Land with a permanent vegetation cover is characterized by soil losses which are more than an order of magnitude lower than those on agricultural land (Cerdan et al., 2010). Pimentel (1976) estimated that in the USA soil erosion on agricultural land operates at an average rate of about 30 tonnes per hectare per year, which is approximately eight times quicker than topsoil is formed. He calculated that water runoff delivers around 4 billion tonnes of soil each year to the rivers of the forty-eight contiguous states, and that three-quarters of this comes from agricultural land. He estimated that another billion tonnes of soil is eroded by the wind, a process which created the Dust Bowl of the 1930s. More recently, Pimentel et al. (1995) argued that about 90 per cent of US cropland is losing soil above the sustainable rate, and that about 54 per cent of US pasture land is overgrazed and subject to high rates of erosion. However, as Trimble and Crosson (2000) and Boardman (1998) point out, determination of general rates of soil erosion is fraught with uncertainties.

Many techniques have now been developed to try and control accelerated erosion (see Morgan, 2005), including the use of no-tillage cultivation, the introduction and planting of cover crops, ploughing along rather than down the contours of the land, and the construction of banks and terraces.

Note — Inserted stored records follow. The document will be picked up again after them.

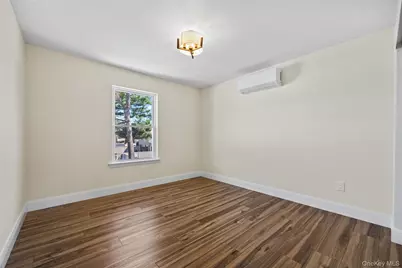 37 Gladstone Avenue, West Islip, NY 11795 - Photo 15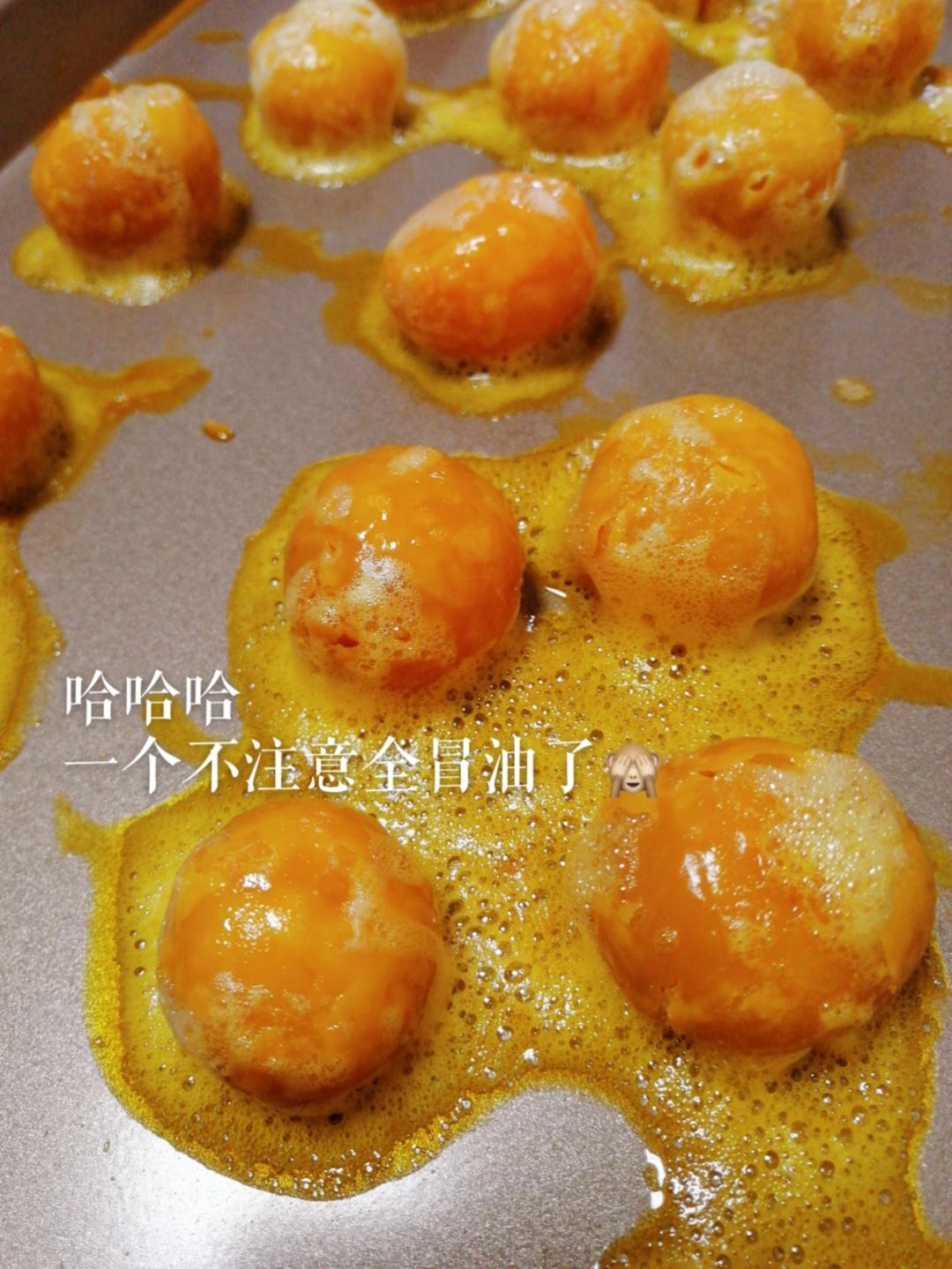 广式月饼－－蛋黄豆沙月饼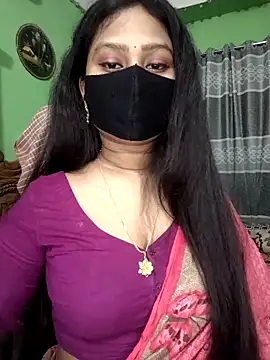 Idhika Paul online show from 28, 4, 2026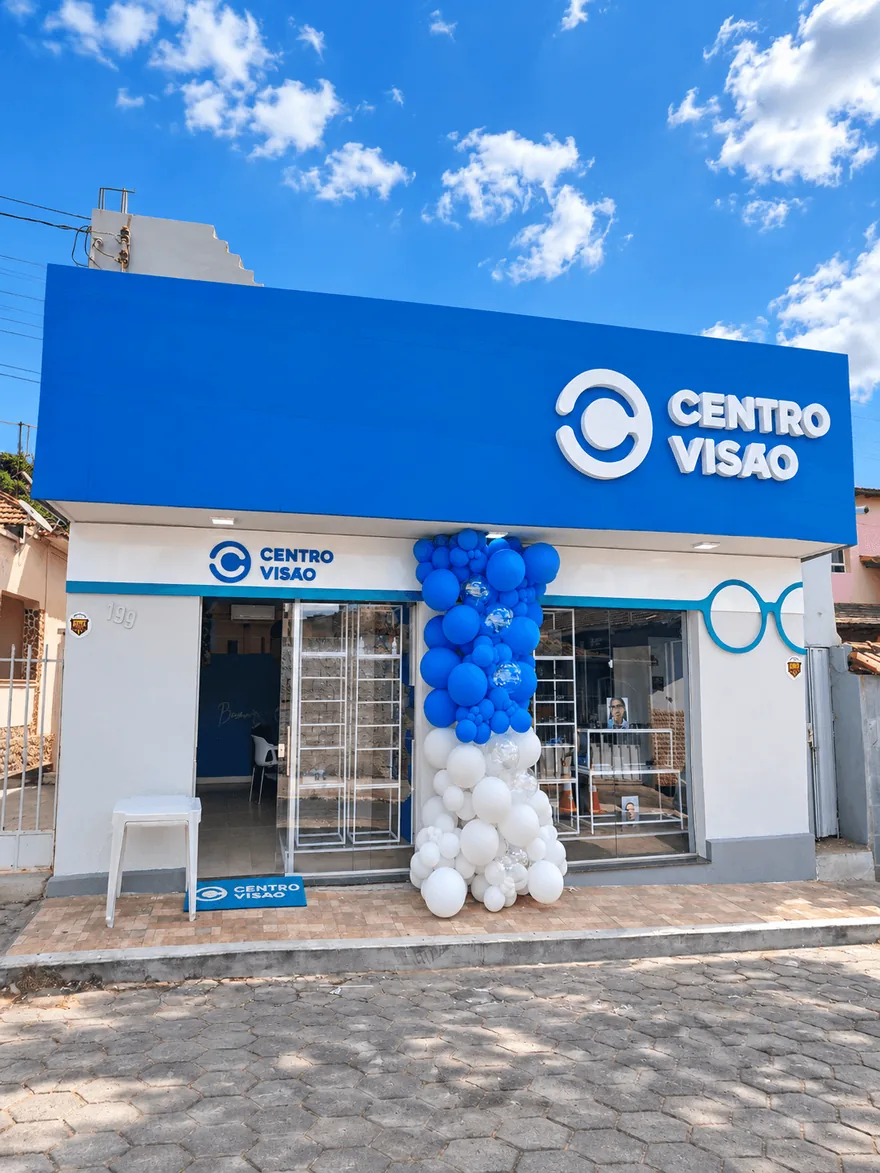 Fachada da Centro Visão Bocaiúva, na Rua Cônego Versiani.
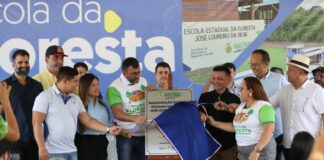Wilson Lima inaugura Escola da Floresta para mudar o futuro de São Sebastião do Uatumã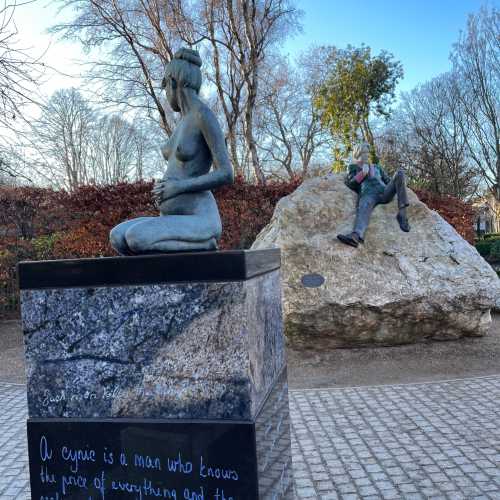 Oscar Wilde Memorial, Ирландия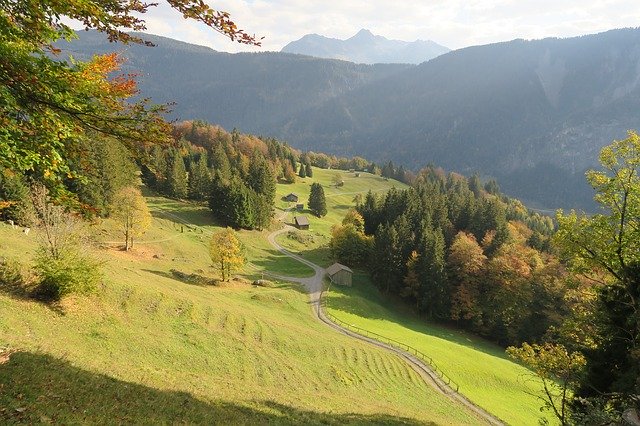 Téléchargement gratuit de Autumn Mountain Meadows Alpine - photo ou image gratuite à modifier avec l'éditeur d'images en ligne GIMP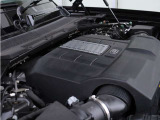 5.0L V8スーパーチャージドエンジン。力強さとV8ならではのフィーリングを楽しめるパワーユニットです。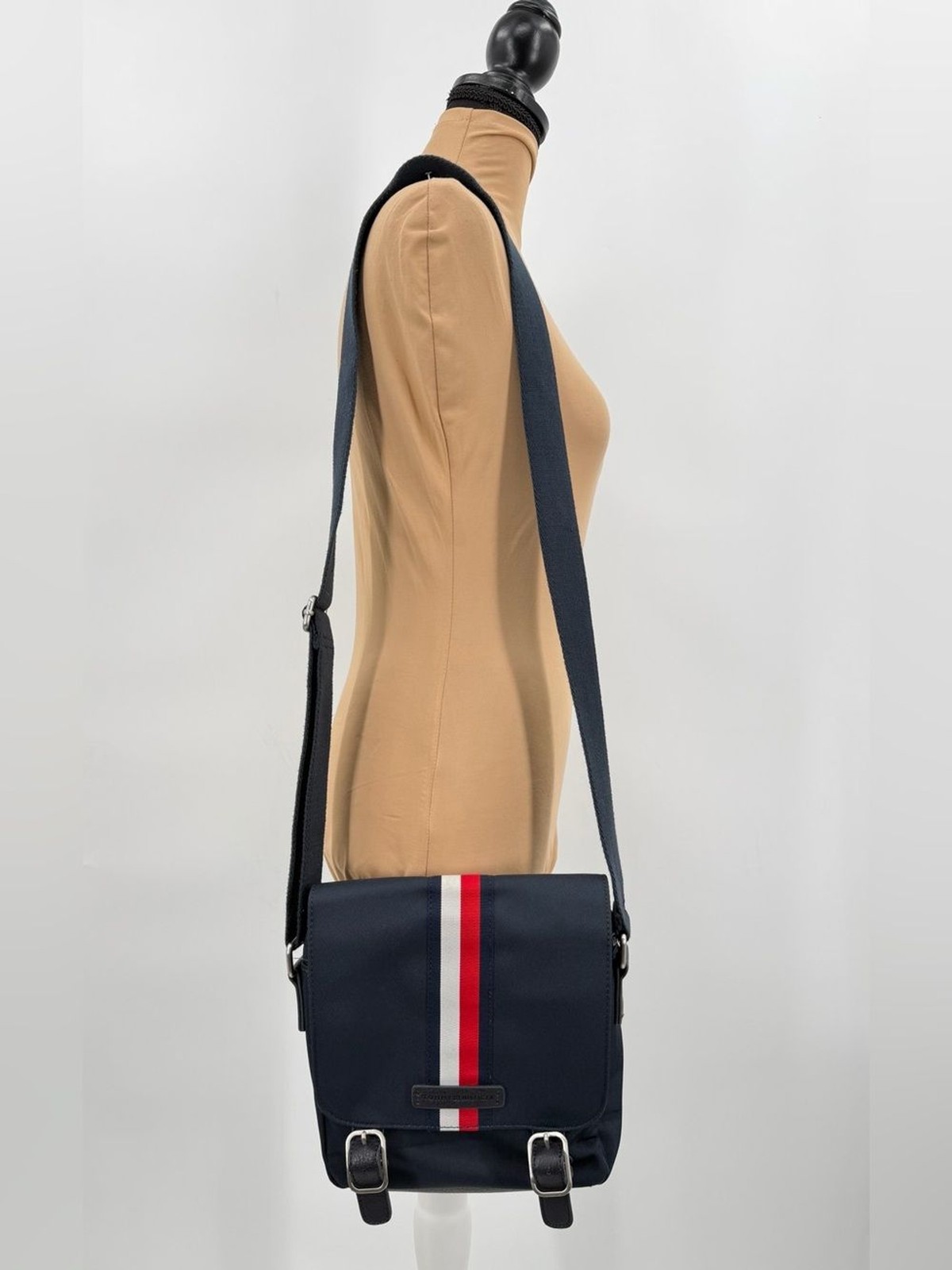 Tommy Hilfiger Men’s Navy Messenger crossbody Bag Travel everyday work casual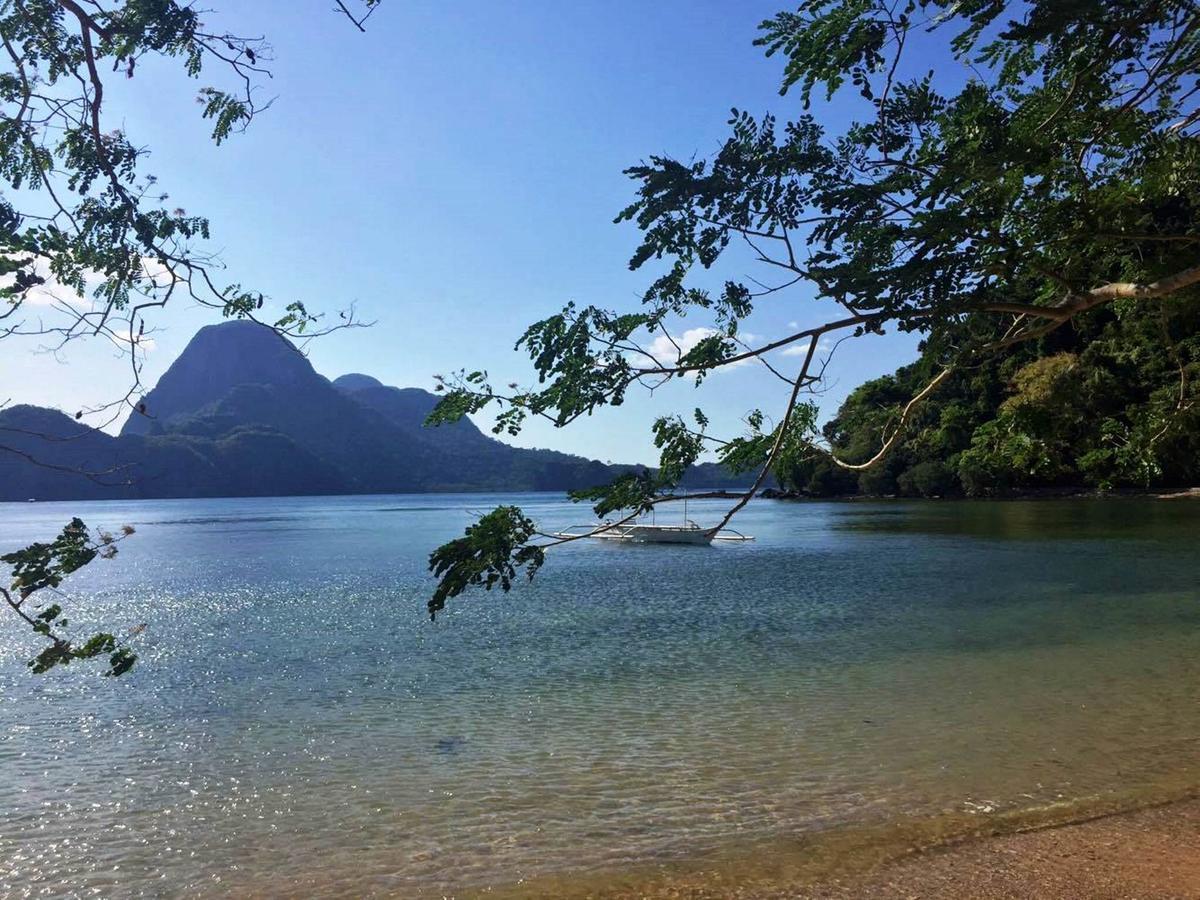 Garden Bay Beach Resort เอลนิโด ภายนอก รูปภาพ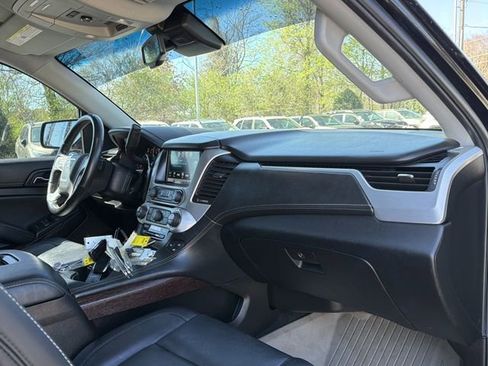 Used 2018 GMC Yukon XL SLT image 16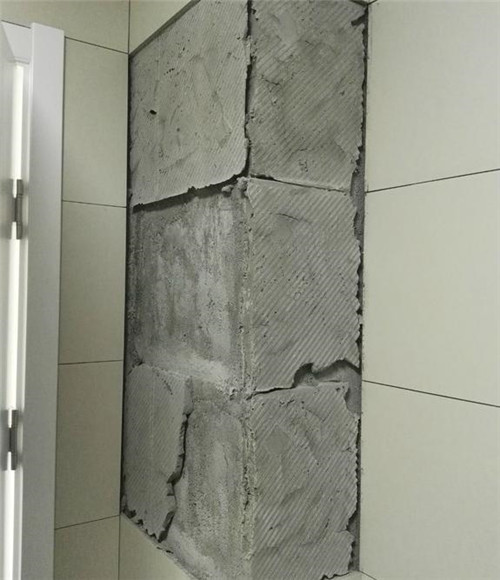 墙面砖脱落怎么办怎样修补好(墙面砖脱落怎么办怎样修补好看视频)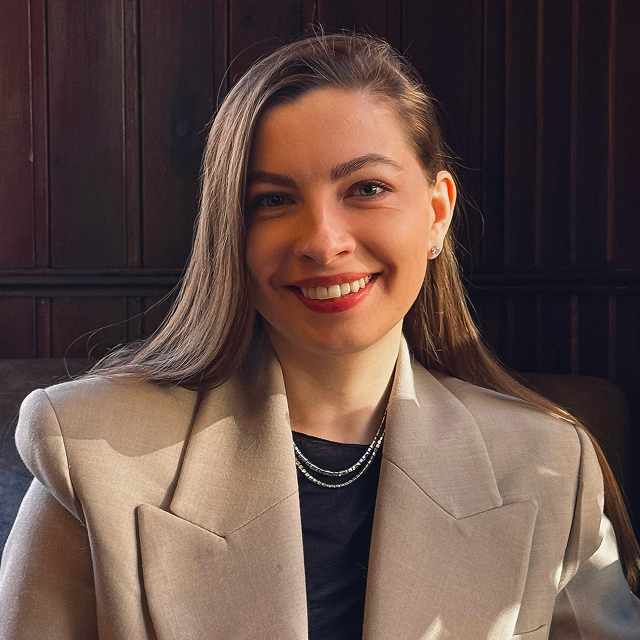 speaker photo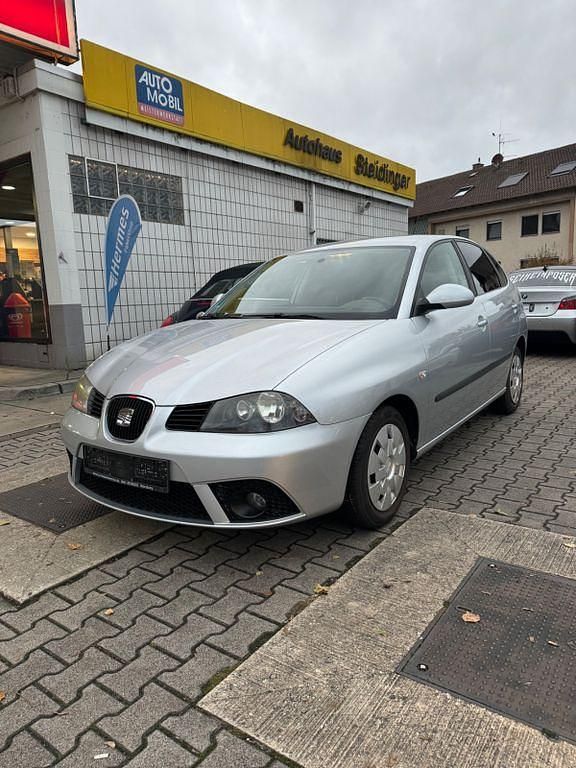 Silber Gebraucht 2007 Seat Ibiza Comfort Limousine | 3.800 € (Etwas zu teuer) - Bild 1/4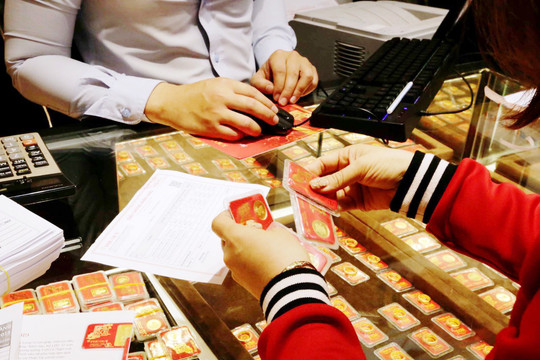 Cập nhật giá vàng trưa nay 20/11/2025: Giá vàng SJC, giá vàng 24k 9999, giá vàng nhẫn, vàng thế giới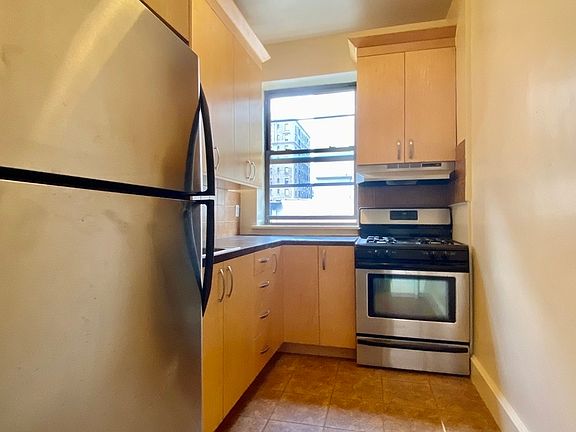 4th image of 243 W 99th St APT 5D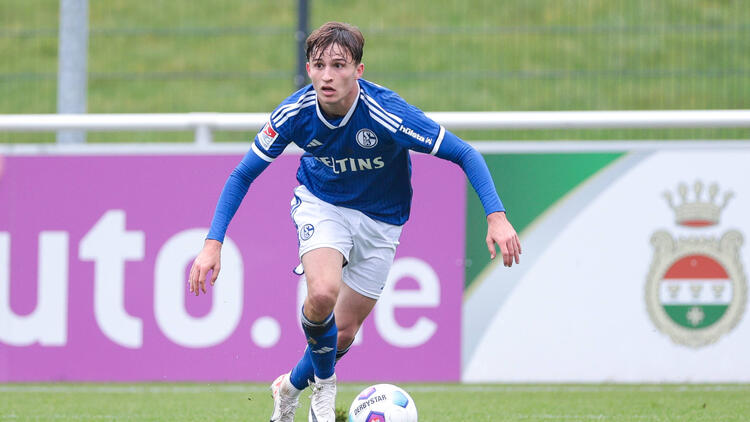 Vitalie Becker hat einen Profivertrag beim FC Schalke 04 unterschrieben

Holocene erosion and sedimentation rates

One way of obtaining rates of soil erosion during the Holocene is to estimate rates of sedimentation on continental shelves and on lake floors. The former method was employed by Milliman et al. (1987) to evaluate sediment removal down the Yellow River in China during the Holocene. They found that, because of accelerated erosion, rates of sediment accumulation on the shelf over the last 2,300 years have been ten times higher than those for the rest of the Holocene (i.e. since around 10,000 BP).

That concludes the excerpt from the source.